"By Jove! I didn't think you'd even attempt it!" he declared, manifestly

pleased. "I made sure I'd have to pack you over--in fact, rather liked

the idea."

"I wouldn't advise you to employ any such means again--to dare me," she

retorted.

"That's a nifty outdoor suit you've on," he said, admiringly. "I was

wondering what you'd wear. I like short outing skirts for women, rather

than trousers. The service sort of made the fair sex dippy about pants."

"It made them dippy about more than that," she replied. "You and I will

never live to see the day that women recover their balance."

"I agree with you," replied Glenn.

Carley locked her arm in his. "Honey, I want to have a good time today.
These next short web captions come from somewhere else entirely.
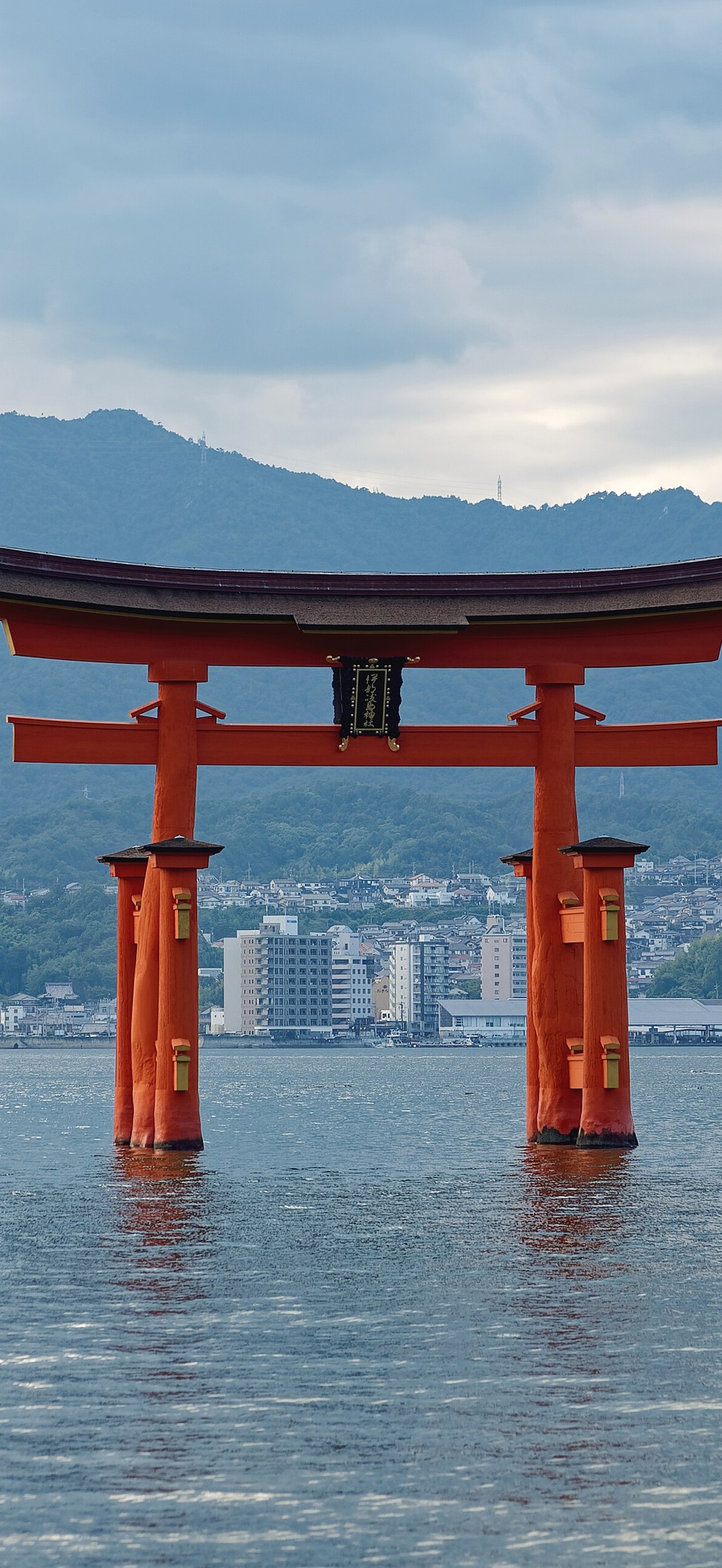 Itsukushima-jinja torii, Miyajima, Japan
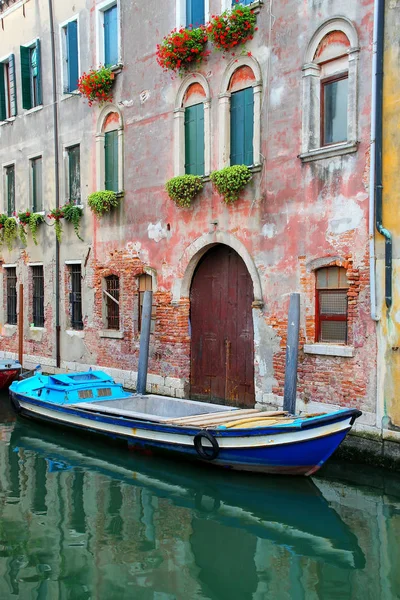 Boot afgemeerd in een smal kanaal in Venetië, Italië — Stockfoto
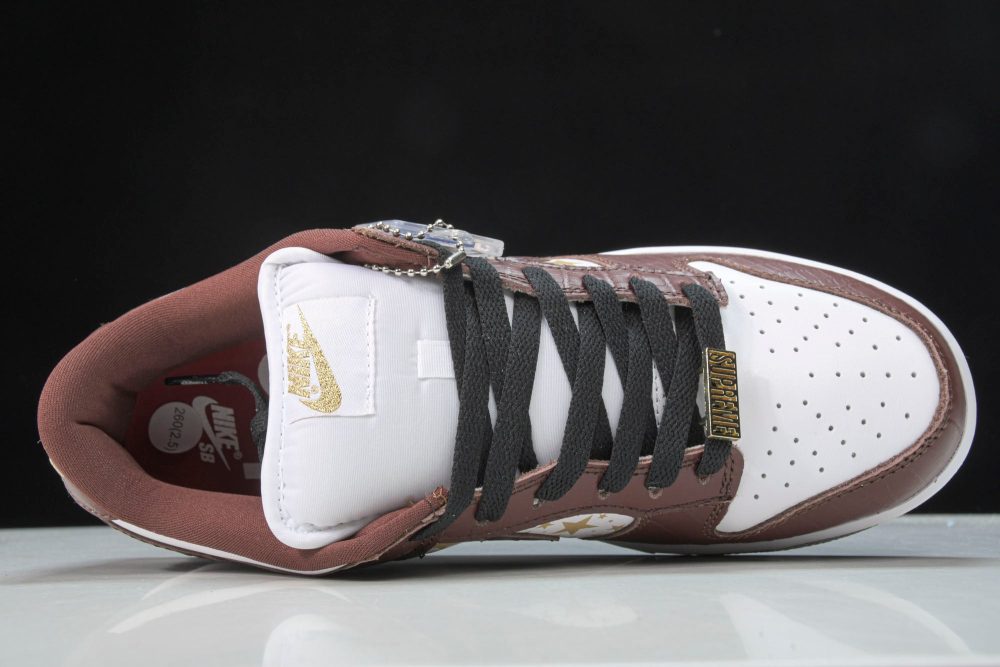 Supreme x SB Dnk Low Stars 'Barkroot Brown' - Image 4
Cut out all the other women stuff.... Take me to see your little gray

home in the West. Or is it gray?"

He laughed. "Why, yes, it's gray, just about. The logs have bleached

some."

Glenn led her away up a trail that climbed between bowlders, and

meandered on over piny mats of needles under great, silent, spreading

pines; and closer to the impondering mountain wall, where at the base of

the red rock the creek murmured strangely with hollow gurgle, where

the sun had no chance to affect the cold damp gloom; and on through

sweet-smelling woods, out into the sunlight again, and across a wider

breadth of stream; and up a slow slope covered with stately pines, to a

little cabin that faced the west.

"Here we are, sweetheart," said Glenn. "Now we shall see what you are

made of."

Carley was non-committal as to that. Her intense interest precluded any

humor at this moment. Not until she actually saw the log cabin Glenn had

erected with his own hands had she been conscious of any great interest.
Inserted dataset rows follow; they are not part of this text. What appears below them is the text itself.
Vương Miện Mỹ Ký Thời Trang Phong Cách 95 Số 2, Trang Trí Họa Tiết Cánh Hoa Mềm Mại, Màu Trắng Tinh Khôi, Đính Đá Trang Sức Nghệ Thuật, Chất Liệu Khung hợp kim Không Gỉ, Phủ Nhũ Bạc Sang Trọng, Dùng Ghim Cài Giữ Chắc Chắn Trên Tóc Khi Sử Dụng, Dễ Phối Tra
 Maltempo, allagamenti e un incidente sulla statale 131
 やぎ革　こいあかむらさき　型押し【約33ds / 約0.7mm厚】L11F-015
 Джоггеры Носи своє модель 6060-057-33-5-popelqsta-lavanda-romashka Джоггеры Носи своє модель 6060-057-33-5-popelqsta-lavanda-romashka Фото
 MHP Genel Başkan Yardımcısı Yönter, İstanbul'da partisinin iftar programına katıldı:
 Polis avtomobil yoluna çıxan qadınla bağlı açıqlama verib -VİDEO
But sight of it awoke something unaccustomed in Carley. As she stepped

into the cabin her heart was not acting normally for a young woman who

had no illusions about love in a cottage.

Glenn's cabin contained one room about fifteen feet wide by twenty long.

Between the peeled logs were lines of red mud, hard dried. There was a

small window opposite the door. In one corner was a couch of poles, with

green tips of pine boughs peeping from under the blankets. The floor

consisted of flat rocks laid irregularly, with many spaces of earth

showing between. The open fireplace appeared too large for the room,

but the very bigness of it, as well as the blazing sticks and glowing

embers, appealed strongly to Carley. A rough-hewn log formed the mantel,

and on it Carley's picture held the place of honor. Above this a rifle

lay across deer antlers. Carley paused here in her survey long enough to

kiss Glenn and point to her photograph.